(Extracted records)

————————

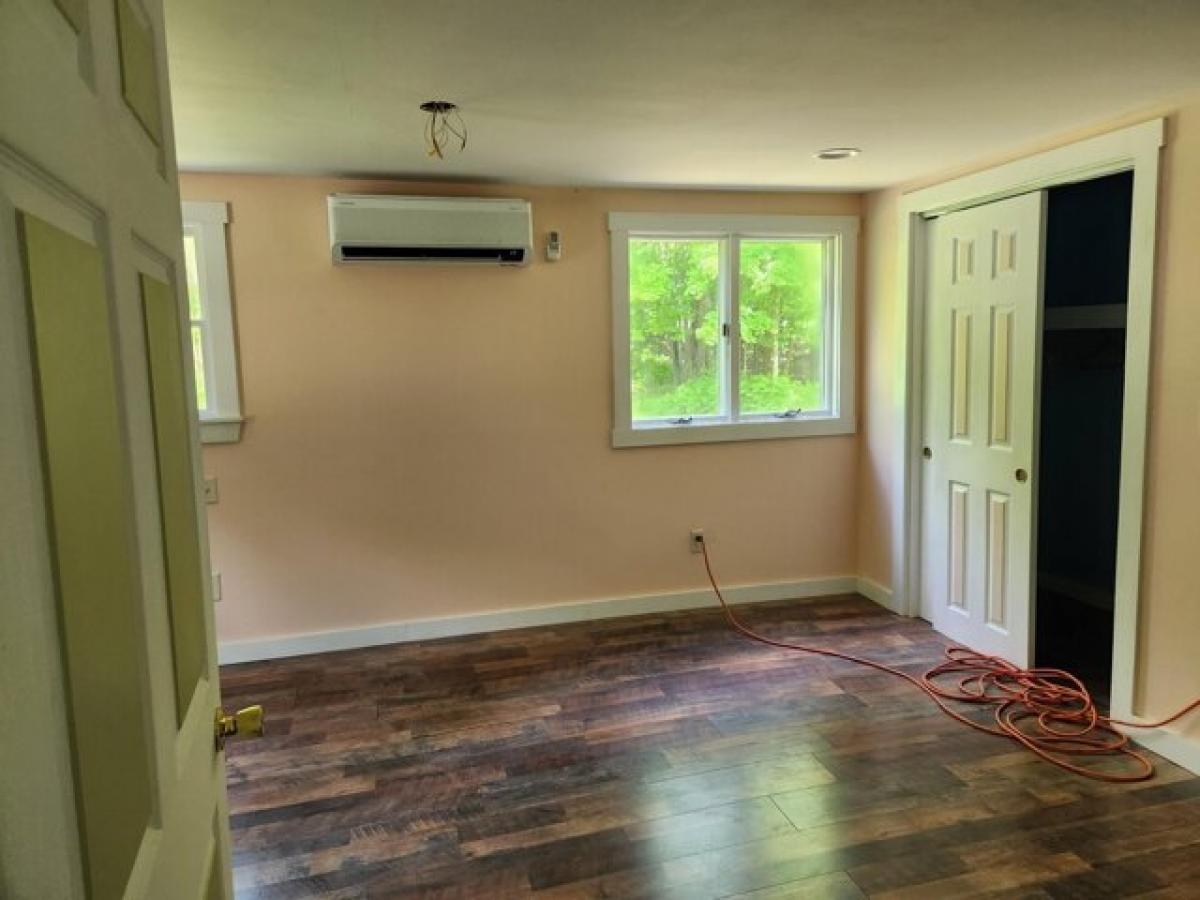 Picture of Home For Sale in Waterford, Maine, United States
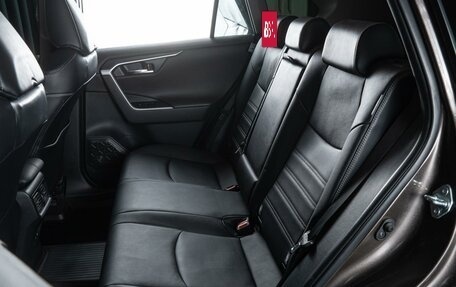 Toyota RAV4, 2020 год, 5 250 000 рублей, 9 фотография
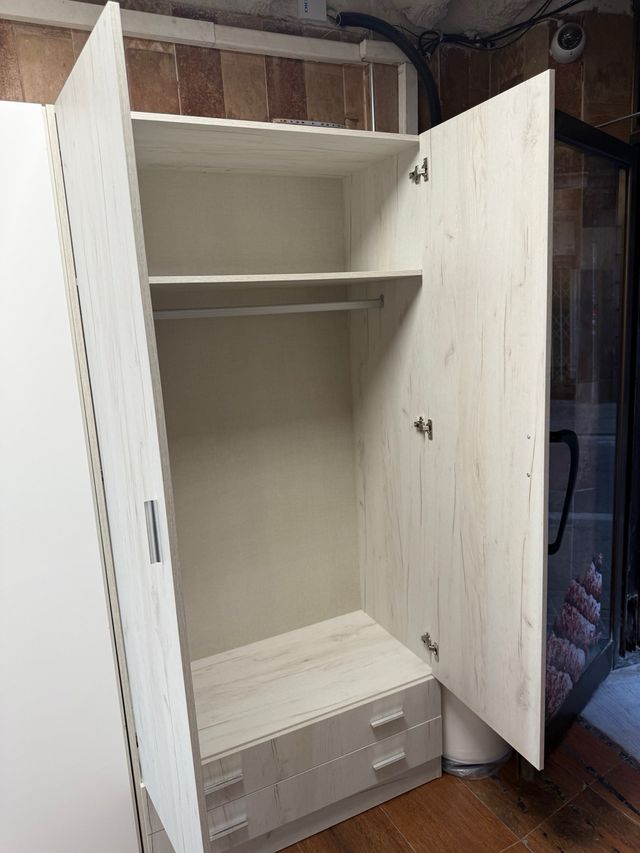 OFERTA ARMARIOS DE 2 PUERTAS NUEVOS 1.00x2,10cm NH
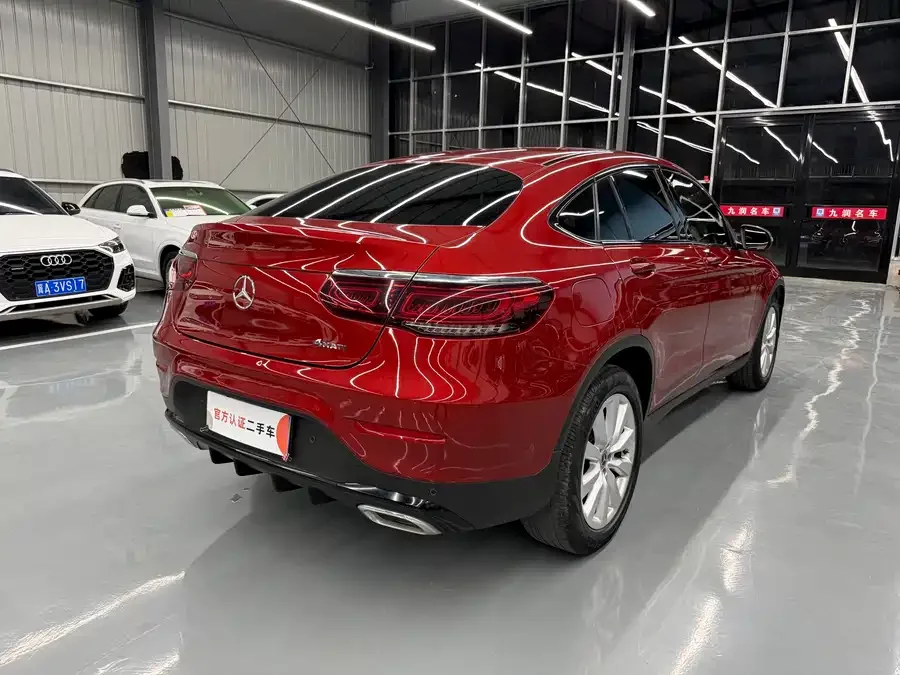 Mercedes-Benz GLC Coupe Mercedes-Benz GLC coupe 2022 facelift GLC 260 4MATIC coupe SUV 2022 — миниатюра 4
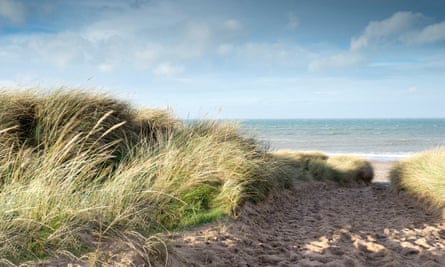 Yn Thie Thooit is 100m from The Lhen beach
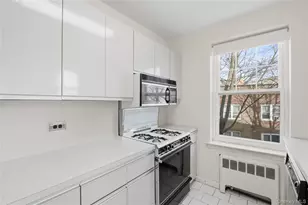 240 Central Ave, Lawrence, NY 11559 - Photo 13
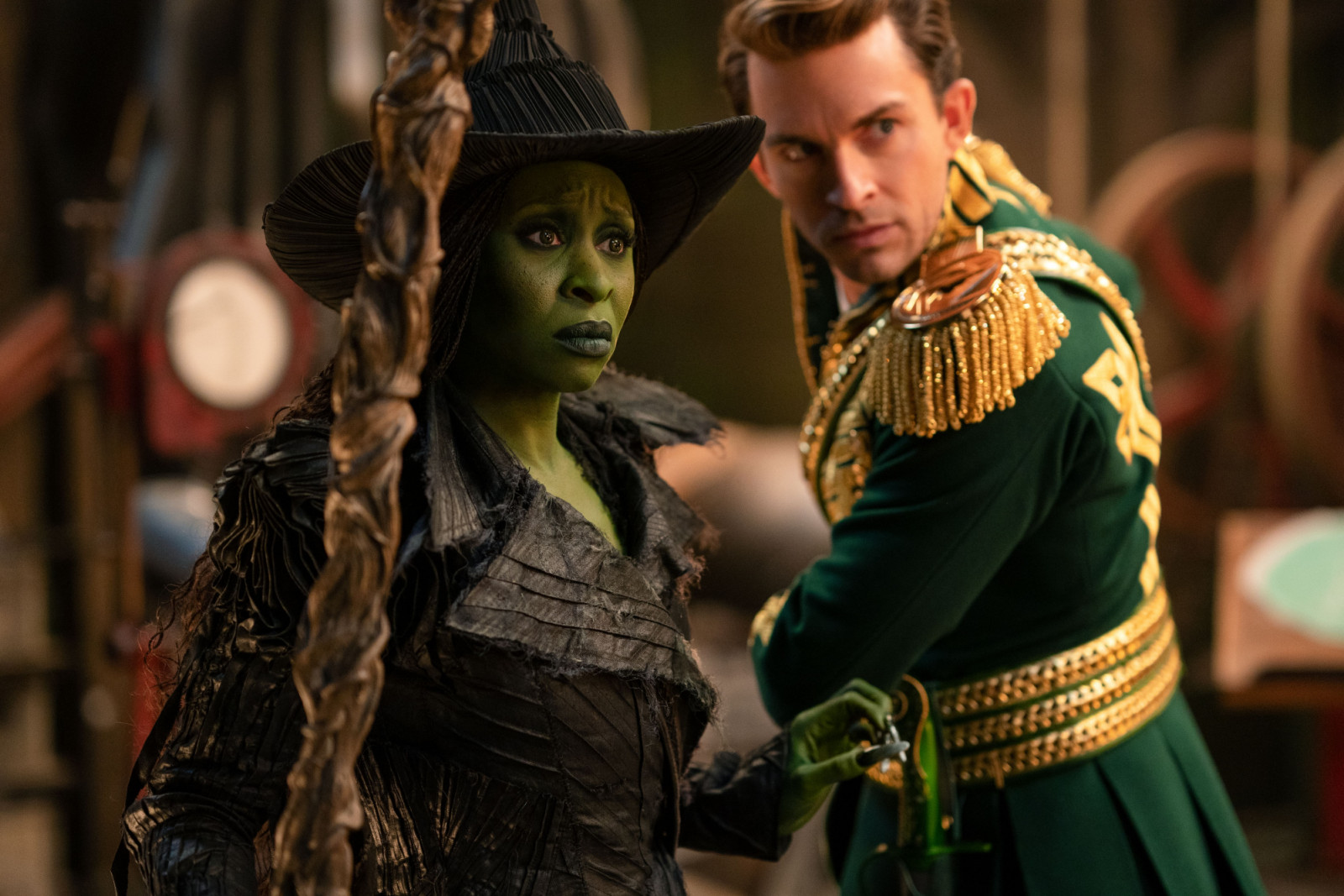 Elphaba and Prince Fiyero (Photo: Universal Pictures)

————————

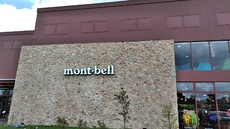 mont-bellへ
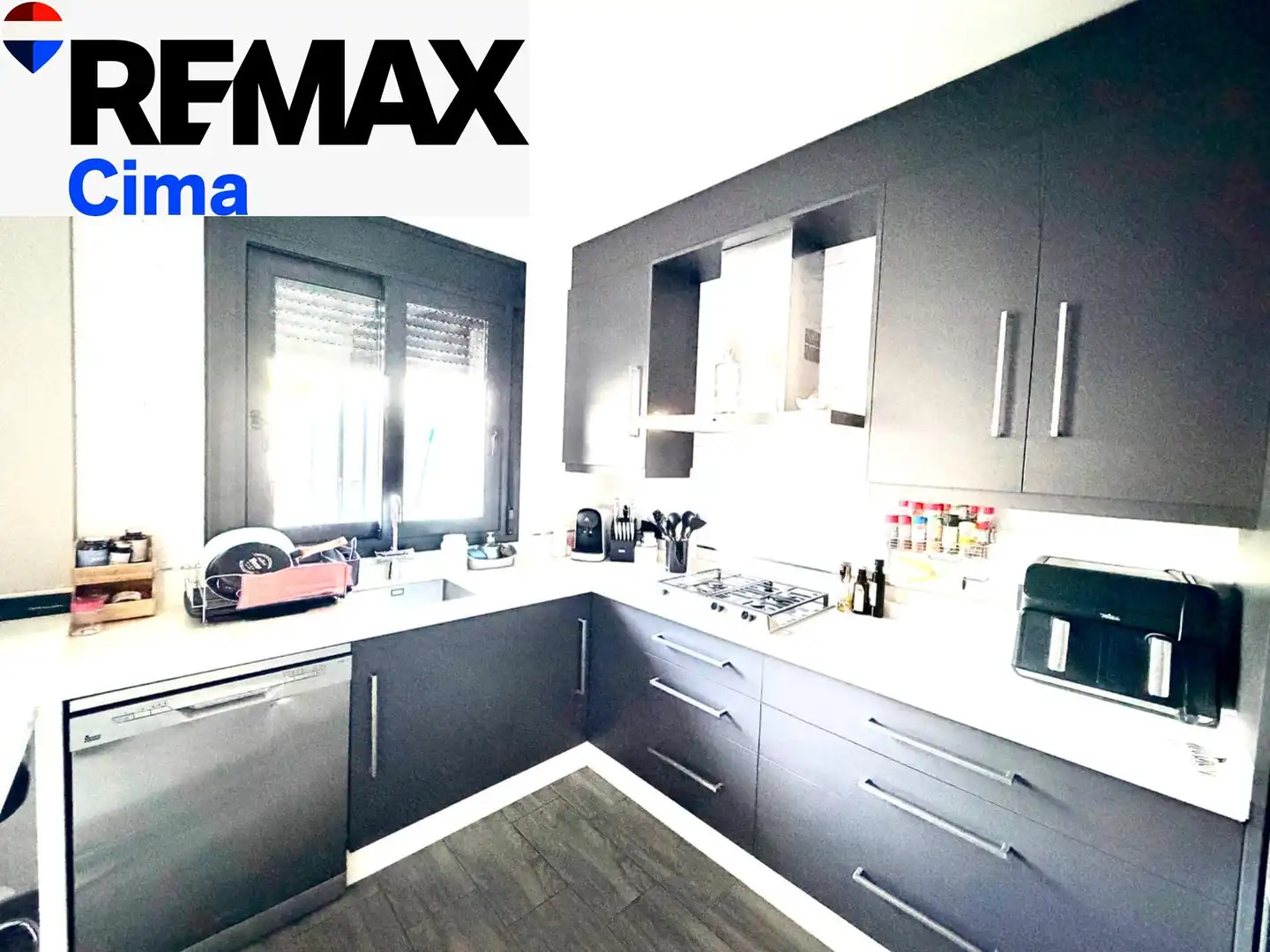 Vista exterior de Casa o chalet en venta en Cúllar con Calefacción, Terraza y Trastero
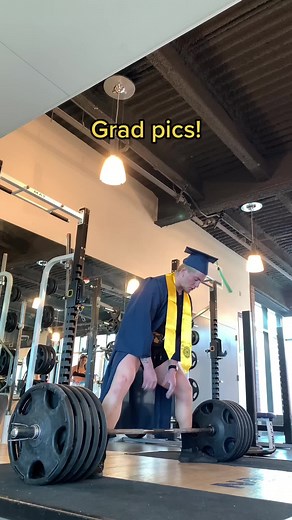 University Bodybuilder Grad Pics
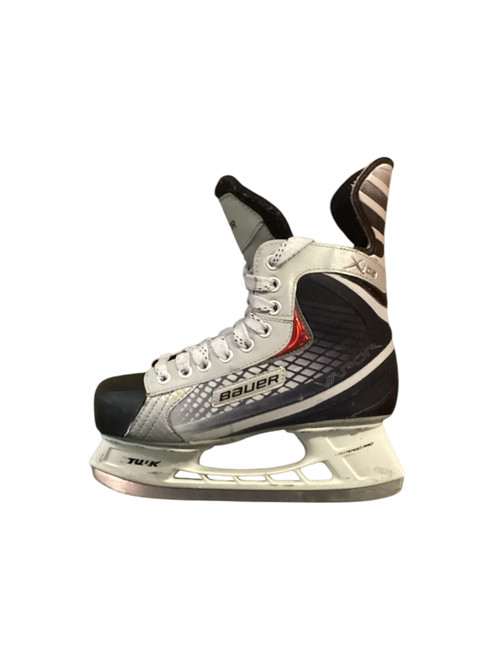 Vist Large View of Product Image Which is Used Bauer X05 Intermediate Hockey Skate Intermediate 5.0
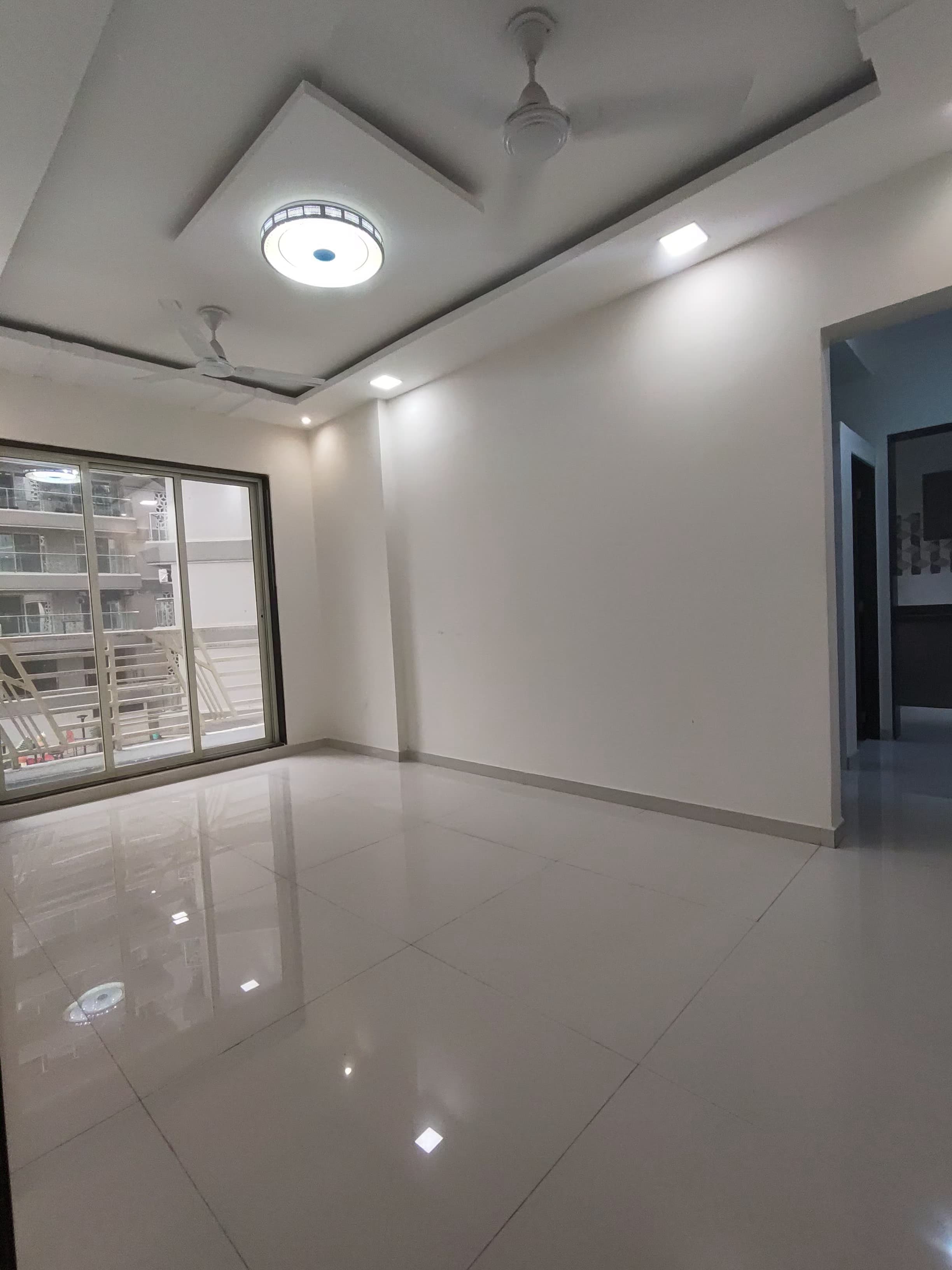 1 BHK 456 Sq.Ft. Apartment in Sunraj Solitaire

————————

» Exercise brief:
When copying from the data above, print only the lines from the line containing "Picture of Home" to the line containing "Elphaba and Prince", exactly, and leave the pictures out.

» Response to the exercise:
 Picture of Home For Sale in Waterford, Maine, United States
 Toyota RAV4, 2020 год, 5 250 000 рублей, 9 фотография
 OFERTA ARMARIOS DE 2 PUERTAS NUEVOS 1.00x2,10cm NH
 Mercedes-Benz GLC Coupe Mercedes-Benz GLC coupe 2022 facelift GLC 260 4MATIC coupe SUV 2022 — миниатюра 4
 Yn Thie Thooit is 100m from The Lhen beach
 240 Central Ave, Lawrence, NY 11559 - Photo 13
 Elphaba and Prince Fiyero (Photo: Universal Pictures)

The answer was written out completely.